Examples of (a) are W3C's XQuery, SQL, and the Z39.50 type-1 query. Examples of (b) are CCL and Google. Query languages in general do not combine functionality and user-friendliness; CQL is an attempt to combine these two features.

More to the point, CQL's goal is to combine the simplicity and intuitiveness of google searching with the expressive power of the Z39.50 query; to allow users to begin with very simple queries and work their way up to arbitrarily complex expressions as necessary.

 For example, the following (valid) CQL queries are intuitive and need no explanation:

  • birds
  • birds or dinosaurs
  • dinosaur not reptile
  • dinosaur and bird or dinobird
  • title= dinosaur and author=crichton
  • (((a and b) or (c not d) not (e or f and g)) and h not i) or j
  • publicationYear < 1980
  • numberOfWheels <= 3
  • numberOfToes <> 3

And the following are reasonably but not completely intuitive:

  • birds prox dinosaurs  --  "find birds near dinosaurs"
  • birds proxprox/distance=1/unit=sentence dinosaurs  -- "... . Within the same sentence"
  • dc.title= dinosaur and bath.author=crichton  -- "find dinosaur in the dc title index and crichton in the bath author index"
  • author all "crichton michael"  -- "author contains all of these words"
  • author any "crichton michael"  -- "author contains any of these words"

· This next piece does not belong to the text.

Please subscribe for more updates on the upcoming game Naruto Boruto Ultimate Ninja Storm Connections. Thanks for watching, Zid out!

The second set of examples reflect more functionality that those in the first set and are correspondingly more complex, but not disproportionately so.

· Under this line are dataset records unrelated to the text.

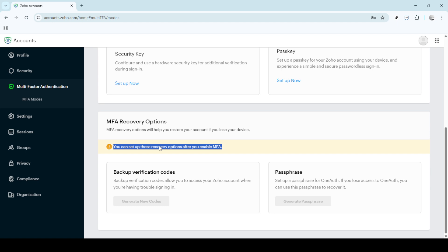And there you have it. You are now equipped and prepared with backup verification codes that ensure you won't be locked out of your account. Thank you for following along with this tutorial. I hope it was helpful and made the process straightforward for you. Stay secured and have a great day.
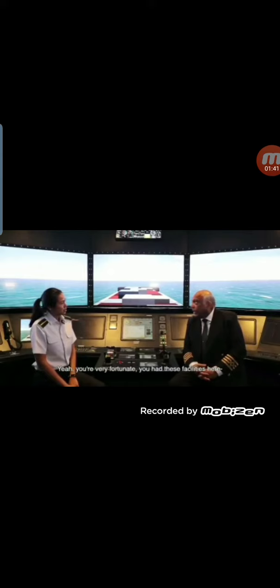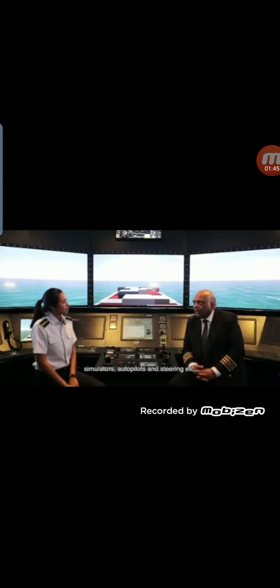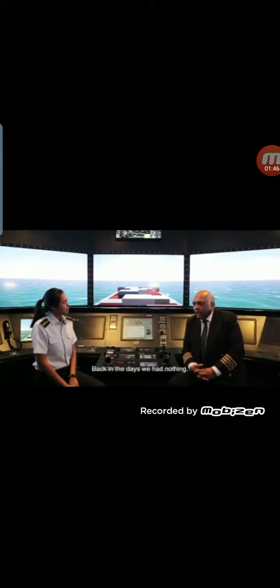Yeah, you're very fortunate. You had these facilities here, simulators and autopilots and steering. Back in the day, we had nothing.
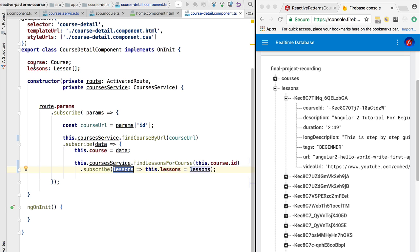Let's see how we can use observables to combine these queries together and solve the nested subscribes issue — this is coming up in the next lesson.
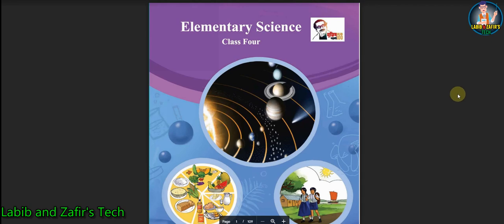Assalamualaikum, dear students. Hope you are fine by the grace of the Almighty. So today, I am here from Labigman Jaffee Steak and today I am here for Class 4 English version students. Today our topic is elementary science and today's chapter is Chapter 3: Soil. I am going to show you some question answers from this chapter. So let's start.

XQuery, on the other hand, is a large and complex specification, which has been in development for a long time (several years) and consists of a number of (12 or so) large documents.  It is difficult to comprehend without committing several days to reading the documents. CQL, by contrast, can be understood completely in an hour or so.

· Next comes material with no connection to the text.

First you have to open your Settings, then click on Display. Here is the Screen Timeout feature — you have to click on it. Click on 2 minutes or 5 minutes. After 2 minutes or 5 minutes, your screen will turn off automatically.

The XQuery development has been influenced, almost entirely, by two very distinct constituencies: (1) XML-as-document and (2) XML-as-data.  The first reflects XML's roots as SGML, while the second reflects a relational database bias.  Neither of these constituencies "won"; XQuery, rather than defining different queries for the different models, attempts to meet the needs of both constituencies with a single language.

Both XQuery and CQL assume that information is returned as XML. But XQuery goes a step further. It assumes that the information to be queried is (or is representable as) XML; CQL makes no such assumption. 

Both languages specify a non-xml syntax; XQuery, in addition, defines an alternative XML syntax.* In the XQuery case, this reflects apparent inability to resolve the question of whether an XML query syntax should itself be XML. Though on the surface it seems a good idea, the CQL developers ultimately decided it was not.

*(CQL did specify an alternative XML sytax, XCQL, in version 1.0, but abandoned it in 1.1. That is, it abandoned it for purposes of submitting the query. CQL retains the XCQL spec to be used by server to "echo" the query that was submitted.)

An example of a  simple (non-xml) XQuery query is:

let $title := /book/title
   return       <returnedTitle>       {          $title       }       </returnedTitle>

which is reasonably intuitive, it says "find all elements <title> within element <book> and return these as XML fragments each wrapped in an element <returnedTitle>".

This example illustrates some fundamental differences from CQL:

  • With XQuery, you don't get a result set maintained at the server, rather, you get all the results back in the query response. This is because, unlike Z39.50 (and SRU) there isn't a presumption of a protocol. (Actually, it seems, there is a presumption of no protocol.)  CQL doesn't address how results are to be returned, rather, it assumes that there is a protocol which governs its use, for example (but not necessarily), SRU.
  • With XQuery, you search according to a search schema, for example, there is a presumption in the above example that there are <title> elements with <book> elements.  Z39.50 (and SRU) use abstract access points instead, for example when you search on 'title' the server interprets '"title' however it chooses.
  • There really is no concept of record in the XQuery data model. In the above example you may get a bunch of titles returned, but they may all be from the same document. You would get a hit count, but it wouldn't be the number of records.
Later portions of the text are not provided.